» Task
With the material below, print exactly the lines between the line holding "A young Native" and the line holding "A building being", inclusive. Add nothing else.
---*---
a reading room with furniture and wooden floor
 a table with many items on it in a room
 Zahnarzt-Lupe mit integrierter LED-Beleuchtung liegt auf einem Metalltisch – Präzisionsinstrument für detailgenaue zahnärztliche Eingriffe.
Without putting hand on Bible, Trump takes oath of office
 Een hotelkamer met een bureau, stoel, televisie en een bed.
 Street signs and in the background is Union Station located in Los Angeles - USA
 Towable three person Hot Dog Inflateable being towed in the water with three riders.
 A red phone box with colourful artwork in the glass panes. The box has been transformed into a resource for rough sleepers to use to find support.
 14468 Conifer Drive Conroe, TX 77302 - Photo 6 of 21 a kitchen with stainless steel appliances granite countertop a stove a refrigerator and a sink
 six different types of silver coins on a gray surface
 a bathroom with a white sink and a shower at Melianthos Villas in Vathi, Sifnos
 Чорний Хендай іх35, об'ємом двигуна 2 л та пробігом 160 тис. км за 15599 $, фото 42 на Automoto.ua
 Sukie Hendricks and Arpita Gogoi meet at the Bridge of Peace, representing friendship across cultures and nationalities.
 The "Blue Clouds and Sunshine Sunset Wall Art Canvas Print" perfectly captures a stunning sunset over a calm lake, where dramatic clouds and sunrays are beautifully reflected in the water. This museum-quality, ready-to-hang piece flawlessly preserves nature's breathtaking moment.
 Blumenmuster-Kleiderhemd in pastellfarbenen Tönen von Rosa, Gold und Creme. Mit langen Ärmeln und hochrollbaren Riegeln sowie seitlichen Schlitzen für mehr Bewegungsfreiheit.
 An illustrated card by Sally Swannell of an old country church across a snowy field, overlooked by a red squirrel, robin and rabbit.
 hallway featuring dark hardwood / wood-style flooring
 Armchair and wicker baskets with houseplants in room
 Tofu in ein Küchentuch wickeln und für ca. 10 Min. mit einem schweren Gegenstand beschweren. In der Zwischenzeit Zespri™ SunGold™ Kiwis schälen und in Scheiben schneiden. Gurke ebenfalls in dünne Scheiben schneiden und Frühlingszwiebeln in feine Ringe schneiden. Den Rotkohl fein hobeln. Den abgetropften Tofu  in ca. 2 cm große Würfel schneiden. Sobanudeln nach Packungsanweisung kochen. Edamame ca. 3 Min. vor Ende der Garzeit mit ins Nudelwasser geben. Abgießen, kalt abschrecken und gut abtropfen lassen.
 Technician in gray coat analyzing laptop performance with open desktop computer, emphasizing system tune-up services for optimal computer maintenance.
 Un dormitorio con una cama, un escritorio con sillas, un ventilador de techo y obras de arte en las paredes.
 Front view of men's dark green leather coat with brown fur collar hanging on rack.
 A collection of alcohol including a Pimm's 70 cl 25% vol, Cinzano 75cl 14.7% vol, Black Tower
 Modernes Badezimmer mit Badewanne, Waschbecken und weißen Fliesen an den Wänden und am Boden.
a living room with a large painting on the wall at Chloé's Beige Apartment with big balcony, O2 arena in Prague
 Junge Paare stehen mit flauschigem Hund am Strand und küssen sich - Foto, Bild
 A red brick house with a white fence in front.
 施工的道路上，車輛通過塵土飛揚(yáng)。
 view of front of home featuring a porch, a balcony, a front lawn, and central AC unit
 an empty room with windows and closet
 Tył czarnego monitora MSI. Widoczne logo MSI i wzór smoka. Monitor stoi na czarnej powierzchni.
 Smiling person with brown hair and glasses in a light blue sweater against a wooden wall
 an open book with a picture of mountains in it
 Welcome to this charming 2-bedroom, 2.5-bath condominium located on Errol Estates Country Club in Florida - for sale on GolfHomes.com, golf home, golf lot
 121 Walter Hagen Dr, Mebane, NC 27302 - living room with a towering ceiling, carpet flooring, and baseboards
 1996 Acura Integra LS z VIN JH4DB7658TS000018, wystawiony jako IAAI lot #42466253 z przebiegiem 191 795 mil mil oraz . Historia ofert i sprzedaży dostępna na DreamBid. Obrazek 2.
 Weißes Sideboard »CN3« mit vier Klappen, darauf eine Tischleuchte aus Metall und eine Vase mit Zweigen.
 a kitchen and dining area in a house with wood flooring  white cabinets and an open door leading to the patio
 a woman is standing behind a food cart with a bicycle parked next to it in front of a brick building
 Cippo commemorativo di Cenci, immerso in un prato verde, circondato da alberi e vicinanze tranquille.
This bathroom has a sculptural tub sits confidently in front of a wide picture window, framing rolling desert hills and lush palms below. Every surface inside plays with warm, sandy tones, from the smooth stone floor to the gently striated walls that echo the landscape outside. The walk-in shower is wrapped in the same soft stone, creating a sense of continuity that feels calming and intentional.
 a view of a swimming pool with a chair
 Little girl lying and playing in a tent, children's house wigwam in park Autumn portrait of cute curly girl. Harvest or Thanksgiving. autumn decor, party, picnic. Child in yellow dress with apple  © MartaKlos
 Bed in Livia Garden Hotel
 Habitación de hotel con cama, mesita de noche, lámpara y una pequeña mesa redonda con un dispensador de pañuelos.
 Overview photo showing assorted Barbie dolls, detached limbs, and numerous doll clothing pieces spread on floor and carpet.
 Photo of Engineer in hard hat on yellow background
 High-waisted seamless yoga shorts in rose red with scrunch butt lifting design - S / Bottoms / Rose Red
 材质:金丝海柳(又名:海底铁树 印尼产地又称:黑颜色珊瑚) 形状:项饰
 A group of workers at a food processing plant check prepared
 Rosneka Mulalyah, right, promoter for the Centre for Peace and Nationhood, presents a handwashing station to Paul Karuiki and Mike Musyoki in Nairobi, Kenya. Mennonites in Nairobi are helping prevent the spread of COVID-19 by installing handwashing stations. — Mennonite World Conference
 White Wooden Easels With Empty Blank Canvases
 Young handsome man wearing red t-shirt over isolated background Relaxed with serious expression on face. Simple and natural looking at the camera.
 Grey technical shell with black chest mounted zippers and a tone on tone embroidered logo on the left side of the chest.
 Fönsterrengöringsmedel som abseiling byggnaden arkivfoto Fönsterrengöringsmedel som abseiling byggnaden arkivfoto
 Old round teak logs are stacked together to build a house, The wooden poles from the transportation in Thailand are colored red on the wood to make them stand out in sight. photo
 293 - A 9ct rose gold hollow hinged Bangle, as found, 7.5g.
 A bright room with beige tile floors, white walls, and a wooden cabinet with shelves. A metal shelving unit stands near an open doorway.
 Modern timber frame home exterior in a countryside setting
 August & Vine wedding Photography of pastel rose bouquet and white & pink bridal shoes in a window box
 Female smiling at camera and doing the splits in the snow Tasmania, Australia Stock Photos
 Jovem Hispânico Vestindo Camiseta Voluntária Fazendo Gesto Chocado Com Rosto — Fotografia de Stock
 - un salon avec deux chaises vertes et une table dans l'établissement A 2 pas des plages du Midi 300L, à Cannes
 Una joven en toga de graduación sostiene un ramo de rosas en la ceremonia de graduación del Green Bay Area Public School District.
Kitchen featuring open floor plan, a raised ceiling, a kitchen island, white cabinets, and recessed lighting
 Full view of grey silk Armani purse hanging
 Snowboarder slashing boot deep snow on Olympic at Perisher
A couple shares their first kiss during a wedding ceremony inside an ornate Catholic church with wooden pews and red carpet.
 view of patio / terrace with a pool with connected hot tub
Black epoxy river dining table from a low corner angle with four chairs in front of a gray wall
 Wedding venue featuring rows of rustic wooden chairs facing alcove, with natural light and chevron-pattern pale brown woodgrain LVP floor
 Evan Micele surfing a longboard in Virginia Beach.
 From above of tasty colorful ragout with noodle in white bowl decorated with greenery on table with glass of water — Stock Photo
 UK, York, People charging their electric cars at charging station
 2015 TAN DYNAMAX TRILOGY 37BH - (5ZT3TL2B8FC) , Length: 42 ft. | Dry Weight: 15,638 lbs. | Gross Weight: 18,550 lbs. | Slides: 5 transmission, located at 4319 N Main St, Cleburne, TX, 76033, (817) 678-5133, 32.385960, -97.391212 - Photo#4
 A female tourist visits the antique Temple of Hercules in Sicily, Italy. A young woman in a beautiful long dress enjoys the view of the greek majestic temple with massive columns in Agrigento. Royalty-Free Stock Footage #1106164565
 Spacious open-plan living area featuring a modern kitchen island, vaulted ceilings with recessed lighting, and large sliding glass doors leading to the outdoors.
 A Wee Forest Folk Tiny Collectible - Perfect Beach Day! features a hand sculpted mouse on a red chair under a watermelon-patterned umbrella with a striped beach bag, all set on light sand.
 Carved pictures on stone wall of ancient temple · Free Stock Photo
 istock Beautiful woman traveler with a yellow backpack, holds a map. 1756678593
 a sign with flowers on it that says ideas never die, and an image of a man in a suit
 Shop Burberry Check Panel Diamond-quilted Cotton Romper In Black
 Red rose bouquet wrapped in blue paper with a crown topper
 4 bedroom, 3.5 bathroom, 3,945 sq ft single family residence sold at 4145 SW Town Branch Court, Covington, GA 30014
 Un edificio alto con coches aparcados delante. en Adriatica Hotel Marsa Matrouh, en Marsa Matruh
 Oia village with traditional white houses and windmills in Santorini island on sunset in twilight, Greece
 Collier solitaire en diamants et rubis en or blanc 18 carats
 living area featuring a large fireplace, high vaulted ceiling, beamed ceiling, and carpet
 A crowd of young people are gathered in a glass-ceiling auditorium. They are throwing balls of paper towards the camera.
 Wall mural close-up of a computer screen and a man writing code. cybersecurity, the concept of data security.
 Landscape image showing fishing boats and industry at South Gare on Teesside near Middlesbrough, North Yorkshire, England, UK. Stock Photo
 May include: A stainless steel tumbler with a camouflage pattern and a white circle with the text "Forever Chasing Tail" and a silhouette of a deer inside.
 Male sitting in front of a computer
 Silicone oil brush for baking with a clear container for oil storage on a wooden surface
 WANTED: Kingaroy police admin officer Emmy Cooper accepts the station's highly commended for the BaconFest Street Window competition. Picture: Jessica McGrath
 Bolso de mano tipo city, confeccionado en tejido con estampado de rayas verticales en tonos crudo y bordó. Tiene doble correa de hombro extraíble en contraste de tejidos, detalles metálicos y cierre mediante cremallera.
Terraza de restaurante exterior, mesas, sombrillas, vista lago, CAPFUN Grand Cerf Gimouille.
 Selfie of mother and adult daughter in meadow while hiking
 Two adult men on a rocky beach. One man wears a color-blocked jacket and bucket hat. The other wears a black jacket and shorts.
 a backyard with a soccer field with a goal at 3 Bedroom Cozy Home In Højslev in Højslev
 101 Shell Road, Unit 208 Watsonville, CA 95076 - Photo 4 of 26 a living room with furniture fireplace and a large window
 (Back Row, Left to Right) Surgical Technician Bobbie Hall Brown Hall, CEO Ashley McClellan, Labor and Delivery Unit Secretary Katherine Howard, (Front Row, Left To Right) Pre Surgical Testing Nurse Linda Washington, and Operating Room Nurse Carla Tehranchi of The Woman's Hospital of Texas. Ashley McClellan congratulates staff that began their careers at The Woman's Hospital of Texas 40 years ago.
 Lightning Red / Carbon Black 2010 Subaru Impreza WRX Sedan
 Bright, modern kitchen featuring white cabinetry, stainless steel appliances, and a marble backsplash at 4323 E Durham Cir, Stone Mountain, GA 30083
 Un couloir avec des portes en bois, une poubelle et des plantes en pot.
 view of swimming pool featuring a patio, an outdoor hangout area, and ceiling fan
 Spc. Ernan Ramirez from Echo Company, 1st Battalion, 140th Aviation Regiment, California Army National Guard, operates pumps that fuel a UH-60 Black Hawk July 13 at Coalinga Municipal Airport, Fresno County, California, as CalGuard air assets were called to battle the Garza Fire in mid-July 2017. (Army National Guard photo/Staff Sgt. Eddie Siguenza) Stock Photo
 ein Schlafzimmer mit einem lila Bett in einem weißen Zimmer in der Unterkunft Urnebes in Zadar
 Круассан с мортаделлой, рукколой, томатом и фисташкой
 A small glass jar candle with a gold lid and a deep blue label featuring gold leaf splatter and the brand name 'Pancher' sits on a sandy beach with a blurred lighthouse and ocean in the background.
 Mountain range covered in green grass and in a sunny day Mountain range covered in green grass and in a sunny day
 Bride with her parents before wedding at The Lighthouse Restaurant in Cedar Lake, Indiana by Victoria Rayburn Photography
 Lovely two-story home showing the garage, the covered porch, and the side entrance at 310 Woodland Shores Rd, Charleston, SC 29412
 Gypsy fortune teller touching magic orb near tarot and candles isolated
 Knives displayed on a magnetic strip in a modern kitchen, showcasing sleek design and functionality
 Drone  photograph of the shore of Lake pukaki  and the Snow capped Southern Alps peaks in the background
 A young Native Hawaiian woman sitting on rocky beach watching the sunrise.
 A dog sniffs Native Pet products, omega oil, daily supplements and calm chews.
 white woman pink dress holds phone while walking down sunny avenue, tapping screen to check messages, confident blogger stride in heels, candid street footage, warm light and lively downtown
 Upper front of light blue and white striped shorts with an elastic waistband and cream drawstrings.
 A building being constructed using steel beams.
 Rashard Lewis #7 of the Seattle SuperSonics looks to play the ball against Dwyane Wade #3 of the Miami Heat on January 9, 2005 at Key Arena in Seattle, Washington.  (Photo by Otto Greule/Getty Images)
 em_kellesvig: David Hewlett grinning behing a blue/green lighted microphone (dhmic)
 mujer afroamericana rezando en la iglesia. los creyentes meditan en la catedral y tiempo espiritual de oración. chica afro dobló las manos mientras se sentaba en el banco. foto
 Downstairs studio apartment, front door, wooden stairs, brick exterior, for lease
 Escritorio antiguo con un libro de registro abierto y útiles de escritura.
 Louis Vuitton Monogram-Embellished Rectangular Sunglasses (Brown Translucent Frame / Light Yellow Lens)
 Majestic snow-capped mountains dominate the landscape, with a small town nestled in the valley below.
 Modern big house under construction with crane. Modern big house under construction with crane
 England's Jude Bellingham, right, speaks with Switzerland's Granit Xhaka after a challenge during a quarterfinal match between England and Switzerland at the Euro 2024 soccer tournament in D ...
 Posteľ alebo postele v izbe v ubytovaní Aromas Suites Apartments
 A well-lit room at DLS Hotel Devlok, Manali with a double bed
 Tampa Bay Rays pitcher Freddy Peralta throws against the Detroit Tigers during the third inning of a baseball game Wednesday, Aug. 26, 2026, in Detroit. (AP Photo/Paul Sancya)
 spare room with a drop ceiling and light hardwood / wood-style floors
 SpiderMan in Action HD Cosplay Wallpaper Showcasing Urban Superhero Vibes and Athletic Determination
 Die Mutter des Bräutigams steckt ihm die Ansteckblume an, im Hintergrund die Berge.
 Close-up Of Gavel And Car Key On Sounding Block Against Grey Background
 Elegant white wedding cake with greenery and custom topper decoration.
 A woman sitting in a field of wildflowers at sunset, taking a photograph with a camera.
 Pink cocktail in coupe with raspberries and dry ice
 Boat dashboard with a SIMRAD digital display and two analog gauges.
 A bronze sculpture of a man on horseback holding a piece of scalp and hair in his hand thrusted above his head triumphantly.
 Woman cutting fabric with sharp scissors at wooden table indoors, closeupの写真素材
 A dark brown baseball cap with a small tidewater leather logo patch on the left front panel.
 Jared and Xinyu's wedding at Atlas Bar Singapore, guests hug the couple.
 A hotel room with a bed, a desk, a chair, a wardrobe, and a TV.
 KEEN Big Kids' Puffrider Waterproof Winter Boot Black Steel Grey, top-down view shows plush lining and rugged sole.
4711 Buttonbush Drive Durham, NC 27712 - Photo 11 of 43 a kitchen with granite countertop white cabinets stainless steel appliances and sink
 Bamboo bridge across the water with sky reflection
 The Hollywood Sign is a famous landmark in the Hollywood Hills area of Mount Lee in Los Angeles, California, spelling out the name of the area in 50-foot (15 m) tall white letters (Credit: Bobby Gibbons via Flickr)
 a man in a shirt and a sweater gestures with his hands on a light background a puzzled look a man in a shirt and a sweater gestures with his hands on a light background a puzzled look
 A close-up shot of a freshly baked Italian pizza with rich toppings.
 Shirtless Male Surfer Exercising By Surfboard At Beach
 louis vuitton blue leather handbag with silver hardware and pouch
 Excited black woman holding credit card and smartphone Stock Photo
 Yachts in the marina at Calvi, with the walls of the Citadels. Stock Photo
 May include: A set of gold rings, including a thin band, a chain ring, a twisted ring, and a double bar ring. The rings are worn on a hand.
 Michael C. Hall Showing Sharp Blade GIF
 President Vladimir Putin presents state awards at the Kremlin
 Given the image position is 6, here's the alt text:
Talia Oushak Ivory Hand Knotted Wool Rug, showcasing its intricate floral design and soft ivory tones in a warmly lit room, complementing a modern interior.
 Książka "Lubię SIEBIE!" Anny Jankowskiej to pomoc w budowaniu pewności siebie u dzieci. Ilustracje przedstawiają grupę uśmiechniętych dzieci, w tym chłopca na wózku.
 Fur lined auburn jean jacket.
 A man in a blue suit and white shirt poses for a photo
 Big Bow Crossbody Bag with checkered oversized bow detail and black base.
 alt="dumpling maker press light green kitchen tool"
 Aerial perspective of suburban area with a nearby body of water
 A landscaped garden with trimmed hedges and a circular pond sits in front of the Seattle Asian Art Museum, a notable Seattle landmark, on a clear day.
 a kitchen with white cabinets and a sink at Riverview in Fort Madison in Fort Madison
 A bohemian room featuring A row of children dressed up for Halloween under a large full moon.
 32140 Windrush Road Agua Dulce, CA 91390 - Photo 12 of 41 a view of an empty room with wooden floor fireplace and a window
---*---
» Solution to this task
 A young Native Hawaiian woman sitting on rocky beach watching the sunrise.
 A dog sniffs Native Pet products, omega oil, daily supplements and calm chews.
 white woman pink dress holds phone while walking down sunny avenue, tapping screen to check messages, confident blogger stride in heels, candid street footage, warm light and lively downtown
 Upper front of light blue and white striped shorts with an elastic waistband and cream drawstrings.
 A building being constructed using steel beams.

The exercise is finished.